[Provided records]
============

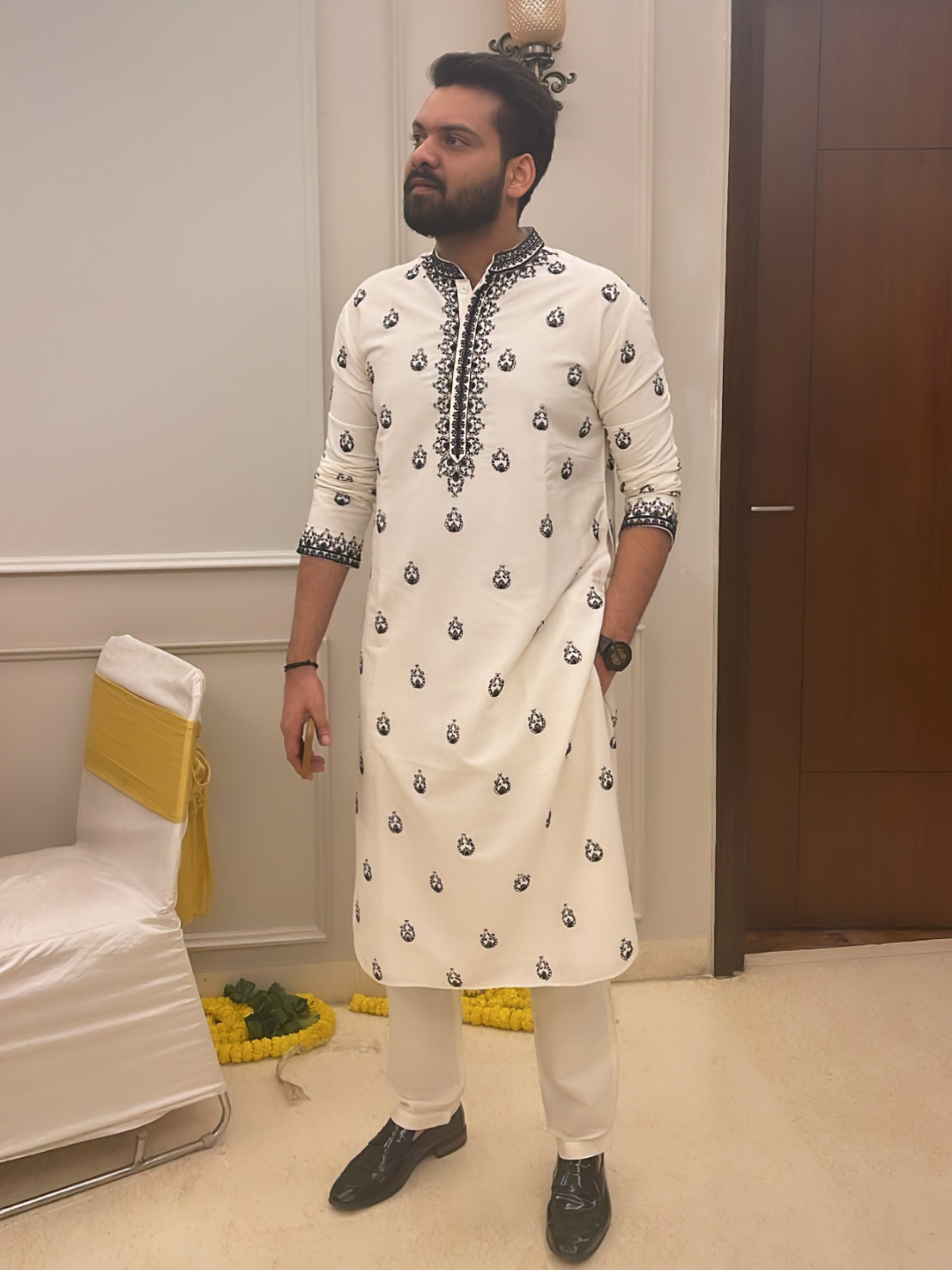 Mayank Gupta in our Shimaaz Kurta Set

============

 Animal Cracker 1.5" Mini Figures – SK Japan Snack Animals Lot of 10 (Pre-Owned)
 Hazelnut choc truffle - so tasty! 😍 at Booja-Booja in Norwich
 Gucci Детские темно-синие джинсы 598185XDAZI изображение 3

============

[What the exercise asks]
Once you find the line with "of 10 (Pre-Owned)" in the entries above, output it and each line after it up to and including the line with "Gucci Детские темно-синие", and nothing else.

[Task result]
 Animal Cracker 1.5" Mini Figures – SK Japan Snack Animals Lot of 10 (Pre-Owned)
 Hazelnut choc truffle - so tasty! 😍 at Booja-Booja in Norwich
 Gucci Детские темно-синие джинсы 598185XDAZI изображение 3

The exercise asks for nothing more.